Cancer Chemother Pharmacol. 1989;24(1):61-4.
Experience with intermediate-dose (110-120 mg/m2) epirubicin.

Hickish T, Cunningham D, Haydock A, Coombes RC.

St. George's Hospital, London.

A total of 23 patients with advanced malignancies received escalating doses of epirubicin (100-120 mg/m2) i.v. at 3-week intervals; 15 had received previous chemotherapy. In all, 46 courses of chemotherapy were given. Mucositis (grade II or III) occurred in 47% of courses at 120 mg/m2, but in only 15% of courses at 115 mg/m2. Myelotoxicity was manifest as leucopenia, with a median white blood count nadir of 1.9 (range, 0.8-7.0) x 10(9)/l. Nausea and vomiting were generally well controlled by prophylactic antiemetic therapy. Alopecia was WHO grade 0 in 2 patients, grade I in 1, grade II in 5 and grade III in 14. No renal or hepatic toxicity was noted, and there were no episodes of congestive cardiac failure. One fatal coronary thrombosis (proven at post-mortem examination) occurred 48 h after a dose of 115 mg/m2. Four patients developed thrombophlebitis at the injection site that was not dose-related; it occurred at doses between 100 and 120 mg/m2. Two patients who had been given chemotherapy in the past had complete responses (one penile carcinoma, one gastric carcinoma). Six patients had partial responses, including two with breast cancer, one with gastric cancer and three with sarcoma. Intermediate-dose epirubicin was well tolerated up to 120 mg/m2, when mucositis became a significant clinical problem. Preliminary data suggest promising activity in gastric cancer, breast cancer and a variety of sarcomas.

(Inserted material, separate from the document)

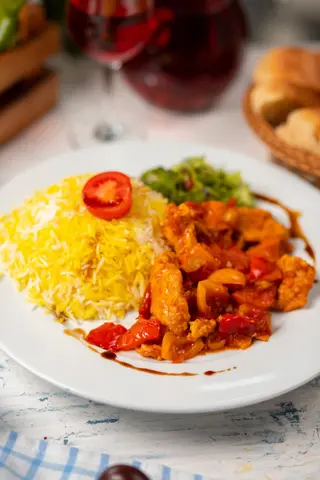 Pileći karahi i garlic riža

online pharmacy ref. source: www.ncbi.nlm.nih.gov/entrez/query.fcgi?cmd=Retrieve&db=PubMed&list_uids=2720892&dopt=Abstract




Chemotherapy. 1989;35(1):54-7.
Anticancer chemotherapy accelerates scalp hair loss with no androgenic involvement.

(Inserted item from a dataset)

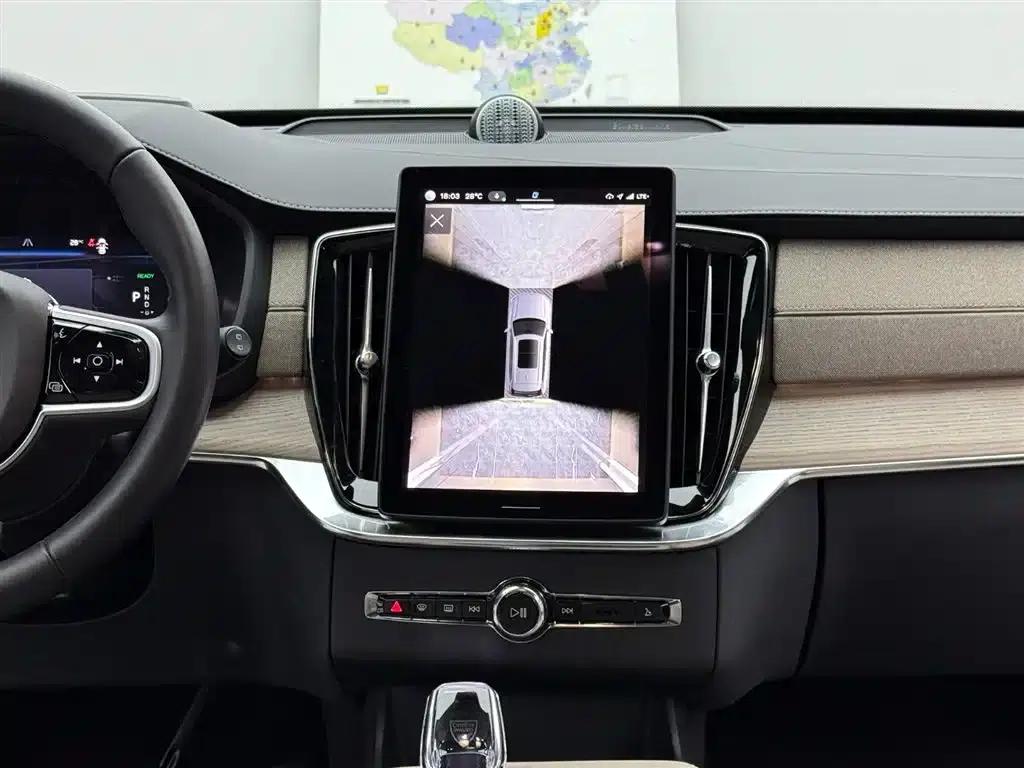 2025 Volvo XC90 Plug-in Hybrid T8 Inscription Luxury Edition (7-seater) — миниатюра 10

Umeki S, Niki Y, Soejima R.

Department of Medicine, Kawasaki Medical School, Okayama, Japan.

The involvement of plasma testosterone in patients associated with scalp hair loss accelerated by anticancer drugs including aclarubicin and cisplatin was investigated. Scalp hair loss observed was minor in 12 and severe in 2 out of 31 patients. In patients without significant hair loss, the combination of aclarubicin and cisplatin produced a significant decrease in the plasma testosterone concentration in male patients and a significant increase in female patients 3 days after the anticancer chemotherapy. Six days after the chemotherapy, however, these concentrations returned to pretreatment values. Similar changes were observed in patients with minor or severe scalp hair loss induced by these drugs. These results suggest that aclarubicin and/or cisplatin may accelerate scalp hair loss with no androgenic involvement.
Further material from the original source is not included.